Terms of service
These Terms apply to all services provided by DKDP to its clients, corporate and individual. For any binding legal interpretation, the French version prevails.
Article 1 : Scope
These General Terms and Conditions of Sale (the "Terms") govern all services provided by DKDP (the "Provider"), with its registered office at 36 Rue du 31 Décembre, 1207 Geneva, Switzerland, to its corporate and individual clients (the "Client"). Any order implies full acceptance of the Terms. In case of conflict with any other document, these Terms prevail.
Article 2 : Quotes and orders
Every engagement is documented in a written quote remitted to the Client, valid for 30 days from its date of issuance. The quote is considered accepted upon receipt of a signed purchase order or any written confirmation by the Client (including email). Any change in scope after acceptance requires a written amendment signed by both parties.
Article 3 : Prices and payment terms
Article 4 : Delivery timelines
Timelines quoted are indicative and start from receipt of the deposit and of all materials necessary to begin work. Any delay caused by the Client (late delivery of content, approvals or feedback) automatically extends the timeline without penalty for the Provider.

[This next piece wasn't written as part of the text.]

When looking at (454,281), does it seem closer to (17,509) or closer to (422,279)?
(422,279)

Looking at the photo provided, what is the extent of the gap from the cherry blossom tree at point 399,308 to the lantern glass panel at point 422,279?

Article 5 : Client obligations
The Client commits to providing, within the agreed timelines, all information, content, accesses and approvals required for the proper execution of the engagement. The Client warrants that they hold the intellectual property rights on all materials transmitted to the Provider (texts, images, logos, data). The Client is solely responsible for the compliance of their activities and content with applicable laws.
Article 6 : Intellectual property
Deliverables produced for the engagement (websites, visuals, content, source code) become the property of the Client upon full payment of all sums due. Until full payment, the Provider retains all intellectual property rights on the work performed. The tools, methods, frameworks and know-how owned by the Provider and used for the engagement remain its exclusive property in all cases. The Provider reserves the right to reference the engagement as a commercial reference unless explicitly forbidden in writing by the Client.
Article 7 : Confidentiality
The Provider commits to maintaining the strict confidentiality of any information of confidential nature shared by the Client in the context of the engagement. This confidentiality obligation remains in force for a period of 3 years after the end of the engagement. It does not apply to information publicly available or previously known to the Provider.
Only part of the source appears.